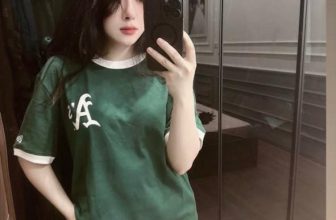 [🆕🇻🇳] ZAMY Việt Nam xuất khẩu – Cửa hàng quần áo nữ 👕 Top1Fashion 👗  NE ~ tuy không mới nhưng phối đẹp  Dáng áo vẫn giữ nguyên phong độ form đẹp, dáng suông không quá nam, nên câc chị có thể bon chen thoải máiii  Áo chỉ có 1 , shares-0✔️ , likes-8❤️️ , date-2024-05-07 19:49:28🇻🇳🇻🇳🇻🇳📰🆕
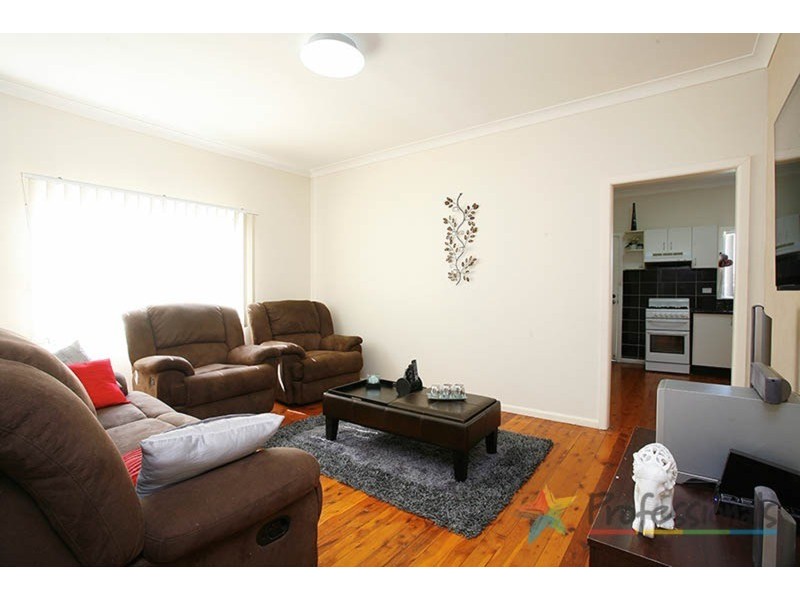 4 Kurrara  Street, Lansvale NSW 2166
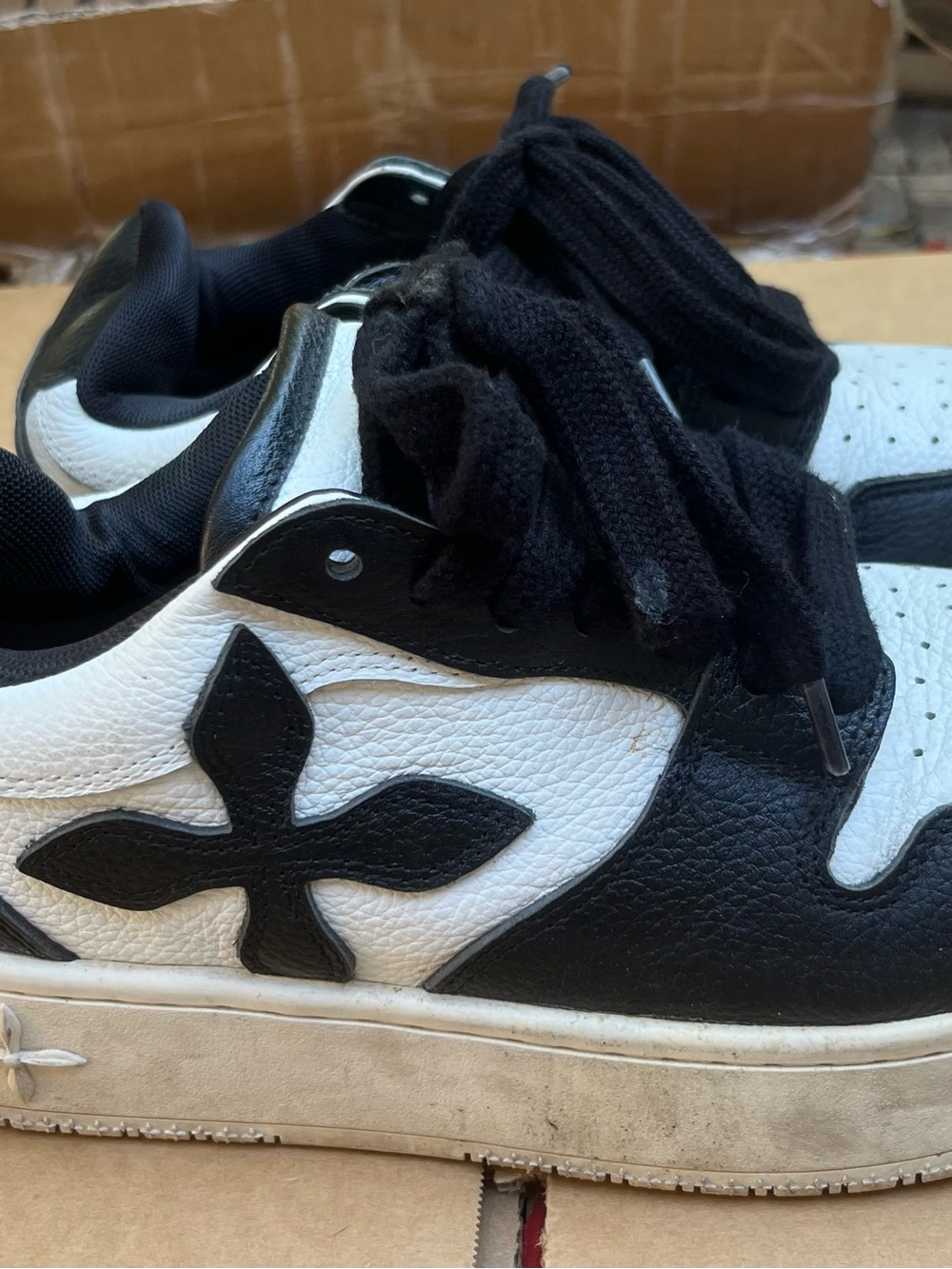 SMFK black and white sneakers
___
- [WHAT THIS TASK INVOLVES]
Return, exactly as they stand, all of the lines above, but not the pictures.

- [TASK OUTPUT]
 [🆕🇻🇳] ZAMY Việt Nam xuất khẩu – Cửa hàng quần áo nữ 👕 Top1Fashion 👗  NE ~ tuy không mới nhưng phối đẹp  Dáng áo vẫn giữ nguyên phong độ form đẹp, dáng suông không quá nam, nên câc chị có thể bon chen thoải máiii  Áo chỉ có 1 , shares-0✔️ , likes-8❤️️ , date-2024-05-07 19:49:28🇻🇳🇻🇳🇻🇳📰🆕
 4 Kurrara  Street, Lansvale NSW 2166
 SMFK black and white sneakers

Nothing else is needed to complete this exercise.